[[ Stored data open ]]
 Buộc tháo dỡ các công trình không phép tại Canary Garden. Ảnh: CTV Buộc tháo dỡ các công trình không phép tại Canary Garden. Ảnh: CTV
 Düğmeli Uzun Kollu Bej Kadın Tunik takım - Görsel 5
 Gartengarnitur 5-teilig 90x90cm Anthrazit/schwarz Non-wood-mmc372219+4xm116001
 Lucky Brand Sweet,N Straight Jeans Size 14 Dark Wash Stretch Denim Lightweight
[[ Stored data closed ]]
[[ Stored data open ]]
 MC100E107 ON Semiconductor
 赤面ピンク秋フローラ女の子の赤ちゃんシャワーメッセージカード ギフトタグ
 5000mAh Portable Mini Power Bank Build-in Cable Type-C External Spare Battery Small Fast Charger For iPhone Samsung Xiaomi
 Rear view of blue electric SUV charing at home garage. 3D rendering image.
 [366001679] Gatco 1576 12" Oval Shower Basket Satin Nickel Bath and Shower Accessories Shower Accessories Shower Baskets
[[ Stored data closed ]]
**Task objective**
The response should hold exactly the lines starting at the line with "Düğmeli Uzun Kollu" and ending at the line with "Lucky Brand Sweet,N", and no other line of the material above.

**Exercise solution**
 Düğmeli Uzun Kollu Bej Kadın Tunik takım - Görsel 5
 Gartengarnitur 5-teilig 90x90cm Anthrazit/schwarz Non-wood-mmc372219+4xm116001
 Lucky Brand Sweet,N Straight Jeans Size 14 Dark Wash Stretch Denim Lightweight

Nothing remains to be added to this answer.